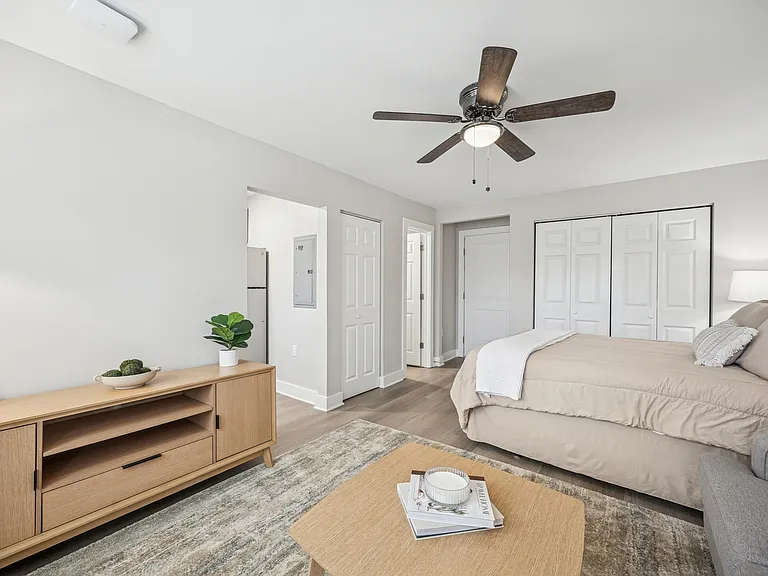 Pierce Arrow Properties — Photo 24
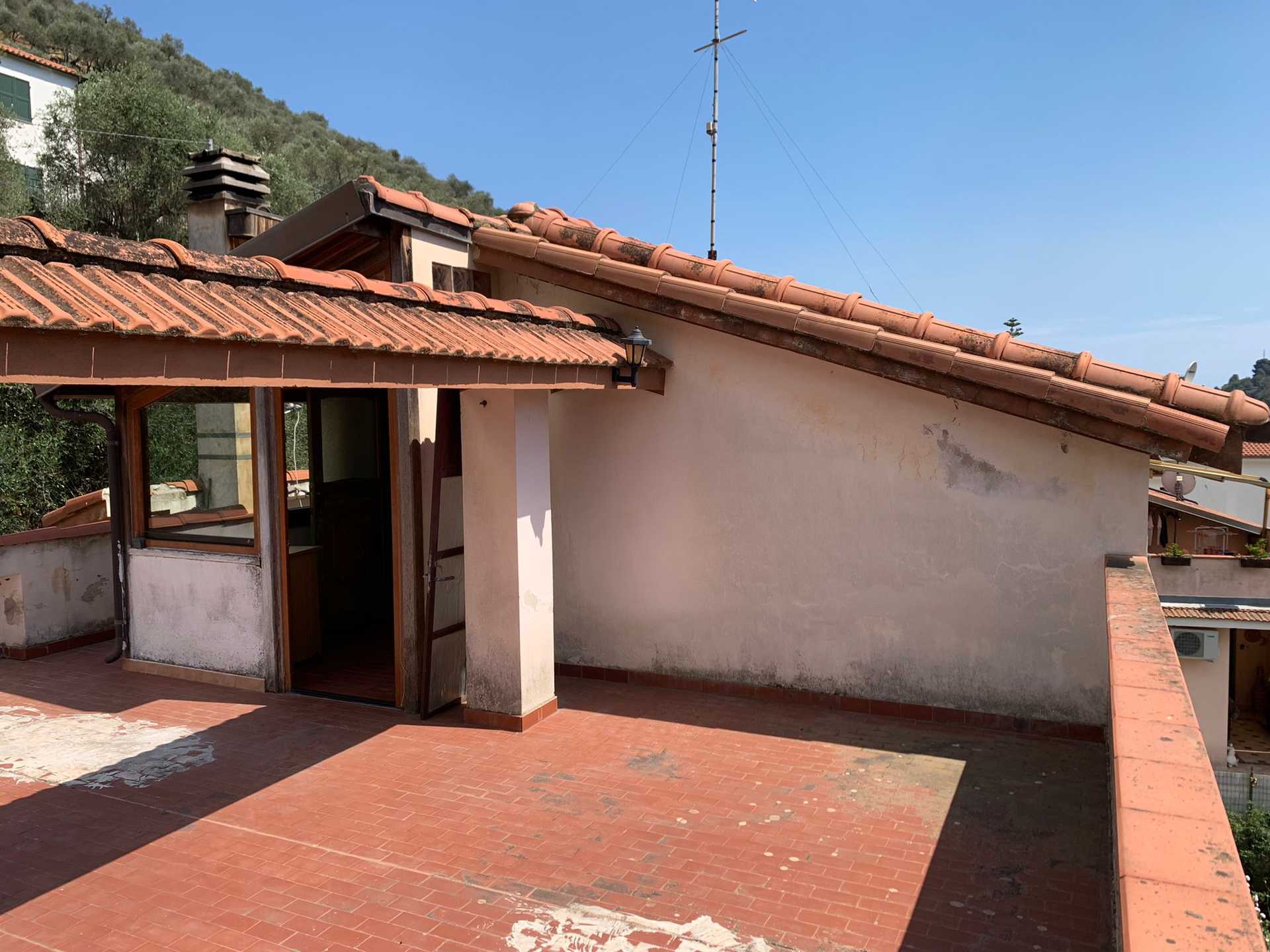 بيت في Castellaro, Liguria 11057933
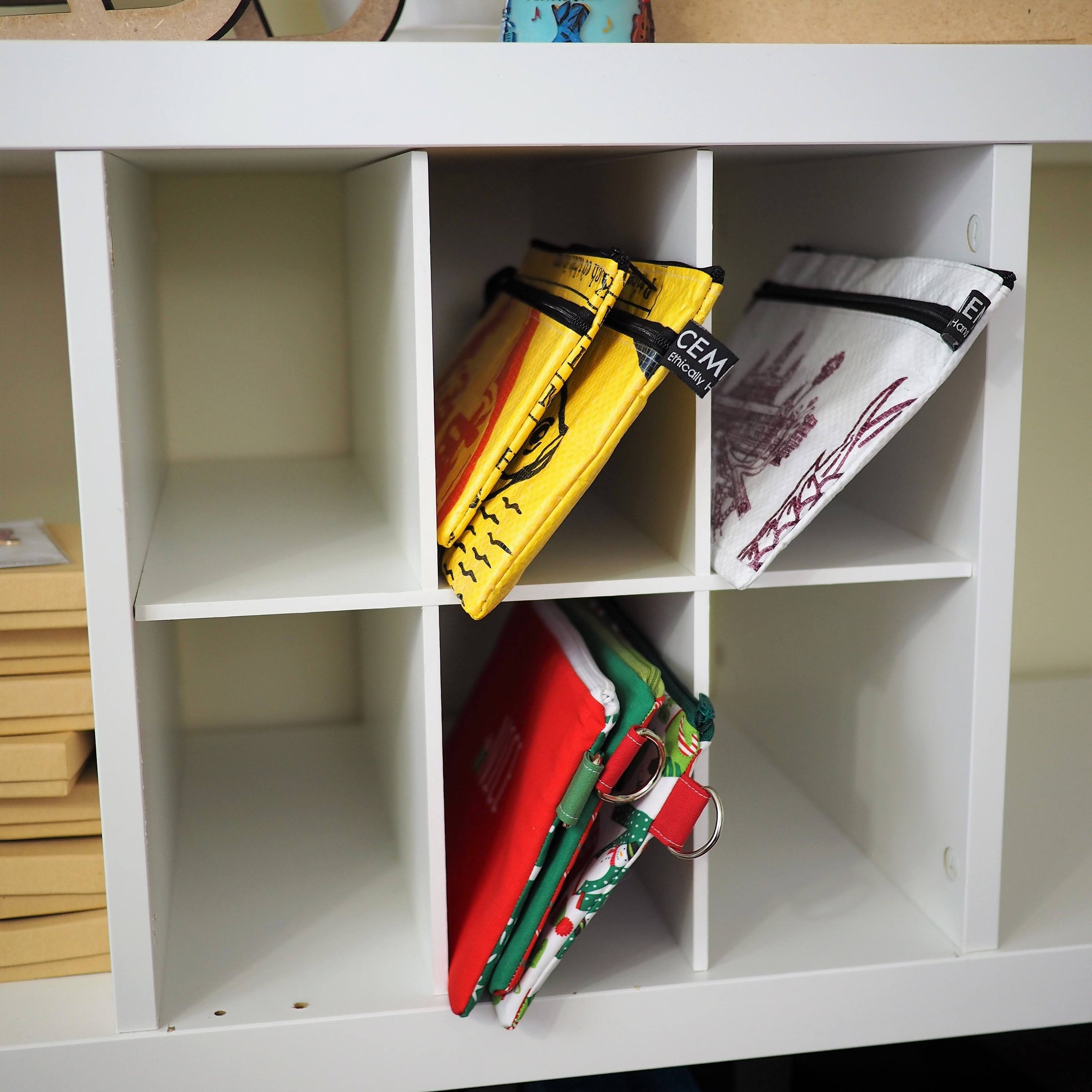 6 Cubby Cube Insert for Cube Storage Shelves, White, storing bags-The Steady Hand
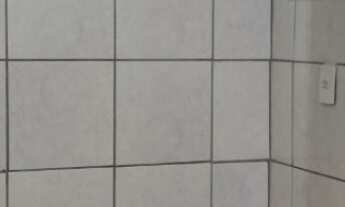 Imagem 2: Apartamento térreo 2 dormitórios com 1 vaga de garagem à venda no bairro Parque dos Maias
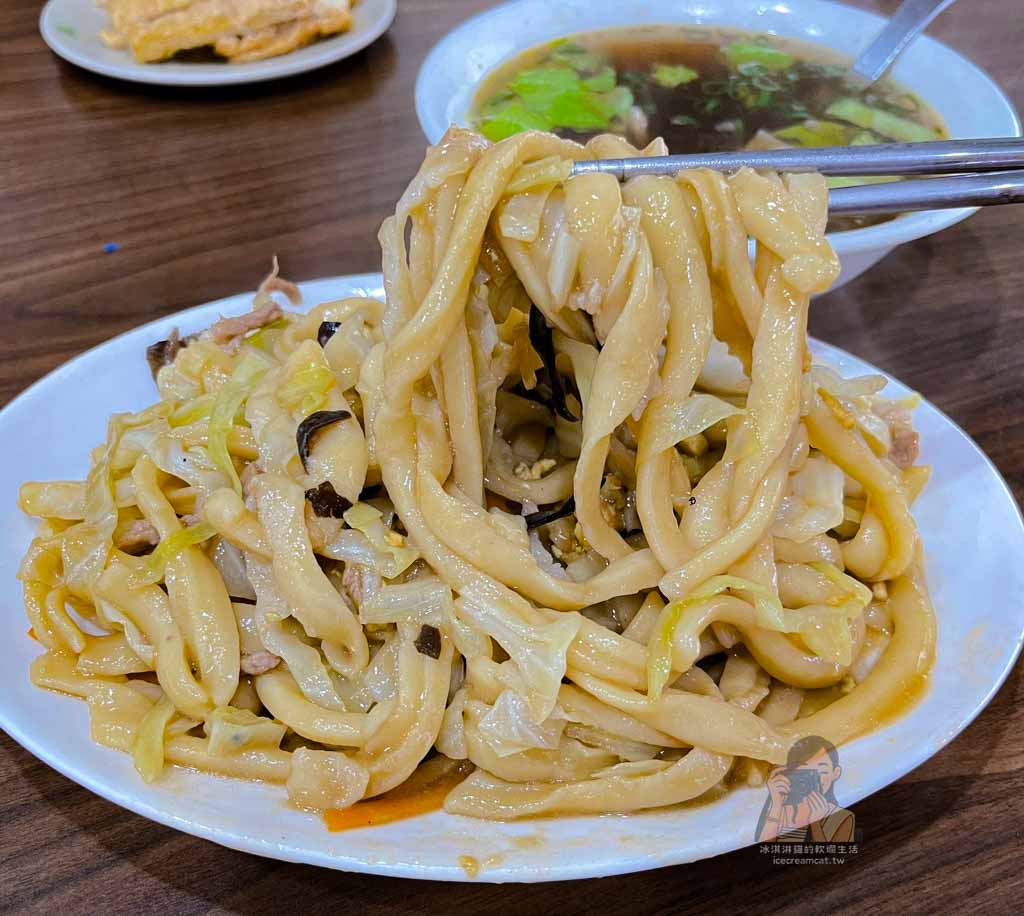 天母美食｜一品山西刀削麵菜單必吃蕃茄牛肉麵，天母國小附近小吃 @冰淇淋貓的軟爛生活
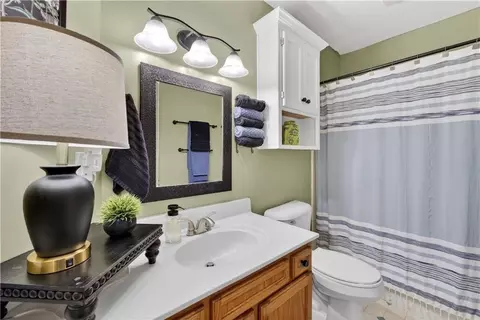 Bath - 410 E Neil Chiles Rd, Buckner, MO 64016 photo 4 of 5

===============

Pictures are to be left out; the answer must otherwise be exactly the lines from the one with "6 Cubby Cube" through the final line of the entries above, both included.

 6 Cubby Cube Insert for Cube Storage Shelves, White, storing bags-The Steady Hand
 Imagem 2: Apartamento térreo 2 dormitórios com 1 vaga de garagem à venda no bairro Parque dos Maias
 天母美食｜一品山西刀削麵菜單必吃蕃茄牛肉麵，天母國小附近小吃 @冰淇淋貓的軟爛生活
 Bath - 410 E Neil Chiles Rd, Buckner, MO 64016 photo 4 of 5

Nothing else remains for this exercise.